### WHAT TO PRODUCE:
Find every line below with the string "Honda" and pick it out.

***** RECORDS PROVIDED *****

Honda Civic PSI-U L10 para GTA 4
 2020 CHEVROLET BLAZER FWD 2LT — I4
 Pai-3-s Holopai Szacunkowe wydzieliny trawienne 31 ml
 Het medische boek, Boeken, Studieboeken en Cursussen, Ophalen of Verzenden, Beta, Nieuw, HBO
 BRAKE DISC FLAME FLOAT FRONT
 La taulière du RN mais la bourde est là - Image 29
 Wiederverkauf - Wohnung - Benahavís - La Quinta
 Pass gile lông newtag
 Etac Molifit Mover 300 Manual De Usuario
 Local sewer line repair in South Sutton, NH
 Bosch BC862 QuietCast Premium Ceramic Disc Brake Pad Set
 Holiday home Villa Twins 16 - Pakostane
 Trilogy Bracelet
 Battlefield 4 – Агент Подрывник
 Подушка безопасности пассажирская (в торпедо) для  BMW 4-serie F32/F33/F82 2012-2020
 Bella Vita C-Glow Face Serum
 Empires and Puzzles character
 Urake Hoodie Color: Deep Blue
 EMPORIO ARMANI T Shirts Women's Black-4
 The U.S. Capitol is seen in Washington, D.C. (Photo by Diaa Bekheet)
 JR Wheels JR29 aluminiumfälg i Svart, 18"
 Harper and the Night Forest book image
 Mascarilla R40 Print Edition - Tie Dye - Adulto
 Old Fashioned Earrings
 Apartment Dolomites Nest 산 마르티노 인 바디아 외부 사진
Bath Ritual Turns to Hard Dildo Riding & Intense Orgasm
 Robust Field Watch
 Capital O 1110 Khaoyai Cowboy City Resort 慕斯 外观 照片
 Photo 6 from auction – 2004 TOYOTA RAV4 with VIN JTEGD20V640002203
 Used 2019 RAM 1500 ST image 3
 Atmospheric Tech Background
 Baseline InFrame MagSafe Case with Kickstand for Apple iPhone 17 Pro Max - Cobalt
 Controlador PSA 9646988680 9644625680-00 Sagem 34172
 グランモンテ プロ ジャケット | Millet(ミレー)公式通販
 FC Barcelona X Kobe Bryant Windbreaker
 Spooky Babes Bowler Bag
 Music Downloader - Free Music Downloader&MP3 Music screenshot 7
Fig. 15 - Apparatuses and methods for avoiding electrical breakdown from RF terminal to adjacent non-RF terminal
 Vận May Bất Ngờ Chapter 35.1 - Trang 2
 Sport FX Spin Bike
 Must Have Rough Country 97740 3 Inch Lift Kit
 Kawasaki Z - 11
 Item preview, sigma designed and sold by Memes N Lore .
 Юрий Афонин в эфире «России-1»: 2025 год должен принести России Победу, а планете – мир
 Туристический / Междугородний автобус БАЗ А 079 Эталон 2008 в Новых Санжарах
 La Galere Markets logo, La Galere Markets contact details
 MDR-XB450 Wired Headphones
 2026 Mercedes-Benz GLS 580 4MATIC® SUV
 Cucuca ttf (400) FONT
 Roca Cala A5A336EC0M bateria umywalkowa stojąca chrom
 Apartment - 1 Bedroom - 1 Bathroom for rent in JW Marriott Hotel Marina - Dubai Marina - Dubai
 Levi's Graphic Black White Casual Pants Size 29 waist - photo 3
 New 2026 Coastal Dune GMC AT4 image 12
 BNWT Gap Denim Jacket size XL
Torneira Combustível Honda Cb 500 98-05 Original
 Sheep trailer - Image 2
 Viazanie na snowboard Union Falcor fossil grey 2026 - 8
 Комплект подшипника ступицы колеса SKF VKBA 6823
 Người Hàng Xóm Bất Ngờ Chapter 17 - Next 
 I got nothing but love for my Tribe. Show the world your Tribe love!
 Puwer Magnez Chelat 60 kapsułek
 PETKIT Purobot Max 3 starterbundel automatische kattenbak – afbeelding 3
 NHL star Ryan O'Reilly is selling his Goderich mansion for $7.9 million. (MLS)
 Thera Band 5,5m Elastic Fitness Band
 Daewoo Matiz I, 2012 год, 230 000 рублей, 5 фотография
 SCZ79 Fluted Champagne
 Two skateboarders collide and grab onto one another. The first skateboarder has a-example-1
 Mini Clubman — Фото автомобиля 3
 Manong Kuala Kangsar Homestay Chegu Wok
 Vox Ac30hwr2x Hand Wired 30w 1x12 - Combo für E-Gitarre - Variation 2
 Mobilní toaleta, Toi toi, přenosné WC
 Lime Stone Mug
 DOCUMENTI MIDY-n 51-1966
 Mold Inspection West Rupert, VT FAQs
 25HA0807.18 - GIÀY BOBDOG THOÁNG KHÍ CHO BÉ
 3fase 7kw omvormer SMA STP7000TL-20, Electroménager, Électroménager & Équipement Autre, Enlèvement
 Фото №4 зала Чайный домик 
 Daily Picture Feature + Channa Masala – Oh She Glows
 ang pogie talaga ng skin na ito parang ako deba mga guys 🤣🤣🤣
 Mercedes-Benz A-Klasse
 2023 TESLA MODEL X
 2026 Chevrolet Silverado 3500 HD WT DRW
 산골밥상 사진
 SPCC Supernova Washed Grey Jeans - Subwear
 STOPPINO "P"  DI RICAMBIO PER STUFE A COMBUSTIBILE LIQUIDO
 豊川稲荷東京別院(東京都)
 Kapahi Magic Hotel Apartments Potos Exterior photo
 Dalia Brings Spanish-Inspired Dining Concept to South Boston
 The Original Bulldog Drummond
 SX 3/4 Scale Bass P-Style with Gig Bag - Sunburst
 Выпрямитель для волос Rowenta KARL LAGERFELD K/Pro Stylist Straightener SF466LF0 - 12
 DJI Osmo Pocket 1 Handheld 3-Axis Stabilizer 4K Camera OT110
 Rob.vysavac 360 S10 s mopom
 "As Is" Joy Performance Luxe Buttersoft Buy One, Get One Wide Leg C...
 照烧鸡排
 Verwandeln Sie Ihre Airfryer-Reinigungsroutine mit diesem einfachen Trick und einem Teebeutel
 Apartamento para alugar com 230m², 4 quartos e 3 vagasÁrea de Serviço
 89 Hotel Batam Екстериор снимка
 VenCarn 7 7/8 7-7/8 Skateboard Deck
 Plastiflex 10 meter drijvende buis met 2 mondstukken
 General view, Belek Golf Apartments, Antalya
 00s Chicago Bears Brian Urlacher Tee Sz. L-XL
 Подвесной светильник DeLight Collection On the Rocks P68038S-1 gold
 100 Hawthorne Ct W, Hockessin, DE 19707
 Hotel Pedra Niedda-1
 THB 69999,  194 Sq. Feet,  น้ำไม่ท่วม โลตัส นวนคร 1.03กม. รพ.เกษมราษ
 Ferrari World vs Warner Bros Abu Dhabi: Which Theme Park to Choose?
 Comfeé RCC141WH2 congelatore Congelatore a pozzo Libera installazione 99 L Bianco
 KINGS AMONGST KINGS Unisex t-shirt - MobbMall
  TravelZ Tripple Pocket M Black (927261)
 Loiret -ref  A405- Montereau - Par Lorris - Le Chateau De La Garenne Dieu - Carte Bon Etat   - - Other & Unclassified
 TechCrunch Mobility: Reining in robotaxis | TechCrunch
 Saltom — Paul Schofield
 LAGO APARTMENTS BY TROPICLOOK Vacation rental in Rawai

*****

### ANSWER FOR THE TASK:
Honda Civic PSI-U L10 para GTA 4
Torneira Combustível Honda Cb 500 98-05 Original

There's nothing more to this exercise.